December 21, 2020

This release (1.3) of the Cloudera Data Engineering (CDE) service on CDP Public Cloud introduces the new features and improvements that are described in this topic.

Better scaling

  • Larger compute instance types to accommodate heavier ETL workloads and tweaks to infra services for higher job submission API throughput.
  • Better Spark defaults tuned for Kubernetes, improving scale up and stability.

Run profiling analysis on demand for additional tuning metrics

Users can trigger additional profiling analysis for any job, providing memory and CPU utilization, and stage-level CPU flamegraphs.

Workload Manager integration

CDE services can now share Spark application metadata and metrics with Workload Manager for better visibility into aggregate workloads across the entire CDP environment, manage SLAs, and identify additional tuning opportunities.

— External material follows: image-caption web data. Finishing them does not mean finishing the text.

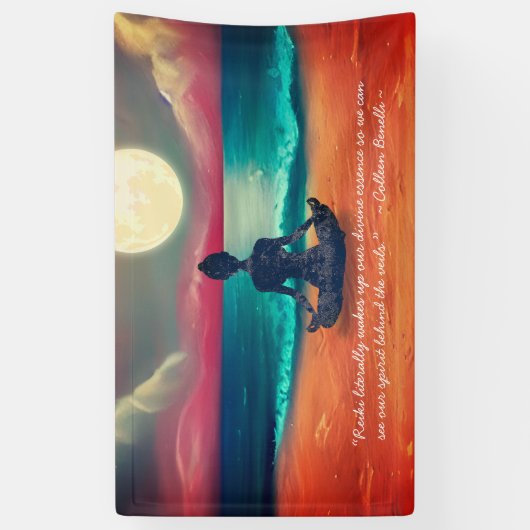 Peaceful Yoga Meditation Moonlight Sky Quote Spandoek (Verticaal)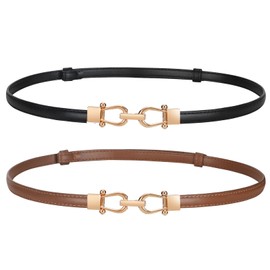 LEACOOLKEY Women Skinny Waist Belt with Gold Buckle Adjustable Leather Thin Waist Belt for Dress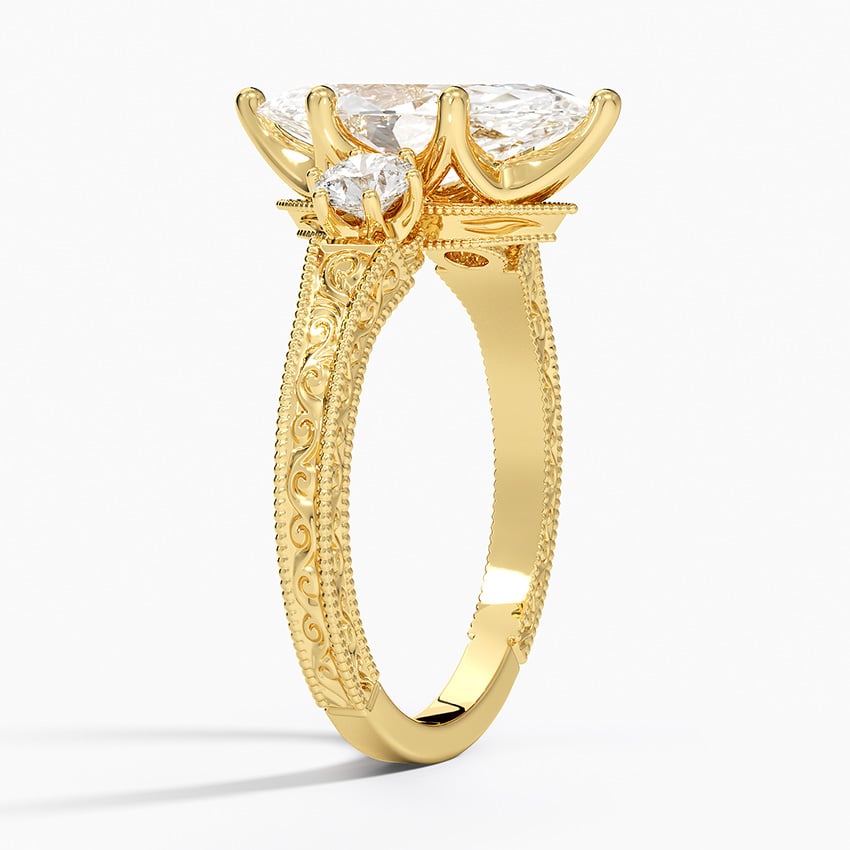 Hudson Three Stone Diamond Ring - Brilliant Earth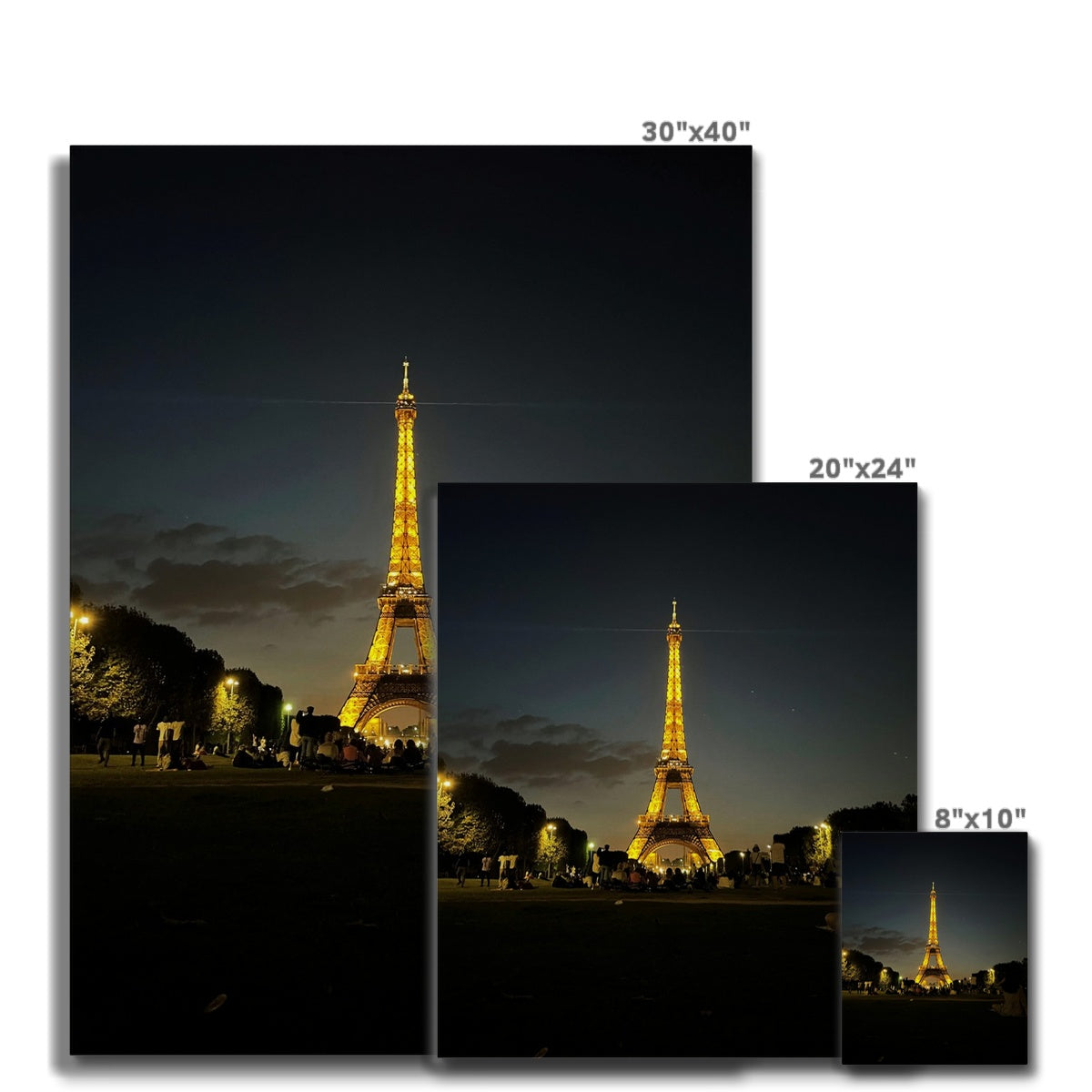 Architecture: Effiel Tower by Night, Paris, France Canvas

Easy log configuration & access

  • Full logs can now be downloaded as a new download option along with a quick bookmark to the S3 location of the Spark application logs.
  • The UI now supports setting the log level from OFF to DEBUG and TRACE.

Lightweight backup and restore

You can use the CDE CLI & API to backup and restore jobs from one virtual cluster into another virtual cluster within the same CDE service or completely new one. Helps support upgrades as it requires enabling a new service.

Create/clone job from existing run for easier debugging

CLI now supports cloning job runs, carrying over configs and parameters, making it easier to troubleshoot runs with failures.

[Tech Preview] Self-authored Airflow DAGs

DE and ML practitioners can now define their own pipelines packaged as an Apache Airflow Python DAG. Currently supported CDP operators include running Spark jobs on CDE and Hive jobs on CDW.